# Individual Assignment: Advanced Clustering & Density Methods


## 1. Dataset Selection & Exploration  
You will load **four real-world** datasets with different structure and cluster assumptions:  
1. **Iris** (compact Gaussian-like clusters)  
2. **Wine** (skewed feature distributions)  
3. **Breast Cancer** (non-spherical, varying density)  
4. **Digits** (high-dimensional, non-convex clusters)  

For each dataset, in a markdown cell describe its source, number of samples and features, any class labels available (for evaluation only), and whether you apply scaling or normalization.
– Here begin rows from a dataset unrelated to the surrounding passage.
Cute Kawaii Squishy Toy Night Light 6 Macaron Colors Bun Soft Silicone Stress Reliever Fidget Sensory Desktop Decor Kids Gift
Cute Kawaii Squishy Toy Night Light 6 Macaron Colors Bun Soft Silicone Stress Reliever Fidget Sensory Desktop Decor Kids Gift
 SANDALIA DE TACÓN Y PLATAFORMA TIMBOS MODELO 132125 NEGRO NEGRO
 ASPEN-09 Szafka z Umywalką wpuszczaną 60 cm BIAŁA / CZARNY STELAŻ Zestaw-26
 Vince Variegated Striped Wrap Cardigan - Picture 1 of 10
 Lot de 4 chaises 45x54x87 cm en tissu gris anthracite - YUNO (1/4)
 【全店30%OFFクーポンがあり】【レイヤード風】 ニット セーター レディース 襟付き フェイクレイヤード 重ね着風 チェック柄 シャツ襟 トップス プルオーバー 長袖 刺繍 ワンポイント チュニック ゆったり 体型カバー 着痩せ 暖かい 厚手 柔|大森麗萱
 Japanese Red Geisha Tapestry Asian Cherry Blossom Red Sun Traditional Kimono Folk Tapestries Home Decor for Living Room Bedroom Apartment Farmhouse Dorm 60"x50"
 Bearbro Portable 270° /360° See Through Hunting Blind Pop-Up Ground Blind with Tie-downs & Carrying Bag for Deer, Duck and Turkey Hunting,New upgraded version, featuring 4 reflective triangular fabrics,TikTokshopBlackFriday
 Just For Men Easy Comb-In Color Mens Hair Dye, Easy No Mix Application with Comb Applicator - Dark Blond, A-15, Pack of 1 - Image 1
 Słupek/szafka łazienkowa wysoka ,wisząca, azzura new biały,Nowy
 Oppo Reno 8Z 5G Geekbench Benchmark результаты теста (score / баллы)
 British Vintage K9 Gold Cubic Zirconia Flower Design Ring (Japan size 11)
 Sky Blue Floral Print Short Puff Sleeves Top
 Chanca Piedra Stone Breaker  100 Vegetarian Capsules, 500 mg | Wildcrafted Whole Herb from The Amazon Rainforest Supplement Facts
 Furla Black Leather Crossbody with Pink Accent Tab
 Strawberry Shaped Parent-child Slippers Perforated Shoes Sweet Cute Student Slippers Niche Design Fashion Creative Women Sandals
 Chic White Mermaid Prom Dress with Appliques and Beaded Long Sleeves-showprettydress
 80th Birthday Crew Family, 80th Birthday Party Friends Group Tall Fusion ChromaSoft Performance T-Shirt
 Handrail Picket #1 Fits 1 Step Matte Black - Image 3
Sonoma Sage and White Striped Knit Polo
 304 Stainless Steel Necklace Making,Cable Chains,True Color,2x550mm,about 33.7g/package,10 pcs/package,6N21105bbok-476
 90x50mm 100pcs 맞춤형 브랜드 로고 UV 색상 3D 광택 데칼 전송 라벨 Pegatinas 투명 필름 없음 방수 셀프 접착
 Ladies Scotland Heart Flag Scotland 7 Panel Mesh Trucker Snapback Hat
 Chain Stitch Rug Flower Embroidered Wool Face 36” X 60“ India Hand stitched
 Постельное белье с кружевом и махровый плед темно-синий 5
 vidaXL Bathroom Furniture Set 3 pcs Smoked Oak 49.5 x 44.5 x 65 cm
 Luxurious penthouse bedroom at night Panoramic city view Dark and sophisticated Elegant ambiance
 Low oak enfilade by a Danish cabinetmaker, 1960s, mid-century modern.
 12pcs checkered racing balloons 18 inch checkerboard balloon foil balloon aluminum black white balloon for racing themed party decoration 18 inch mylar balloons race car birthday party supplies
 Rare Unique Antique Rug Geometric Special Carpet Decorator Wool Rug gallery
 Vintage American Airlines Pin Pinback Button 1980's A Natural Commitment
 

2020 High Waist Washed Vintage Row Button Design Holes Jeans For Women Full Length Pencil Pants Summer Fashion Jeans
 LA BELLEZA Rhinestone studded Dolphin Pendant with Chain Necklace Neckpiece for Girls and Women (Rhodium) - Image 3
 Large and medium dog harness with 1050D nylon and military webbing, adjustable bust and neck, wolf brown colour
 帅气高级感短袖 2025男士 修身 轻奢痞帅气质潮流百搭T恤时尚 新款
Visualize each with a 2D PCA or t-SNE scatterplot to reveal cluster shapes.

---

## 2. Algorithm Implementations & Baselines  
### 2.1 K-Means Variants  
- **Classic (random init)**  
- **K-Means++**  
- **Bisecting K-Means** (iteratively split largest cluster)  

Implement the algorithm to returns centroids, labels, inertia, iterations, runtime.

### 2.2 Density & Hierarchical Methods  
- **DBSCAN** (tune `eps` and `min_samples`)  
- **Agglomerative Clustering** (Ward’s linkage and complete linkage)  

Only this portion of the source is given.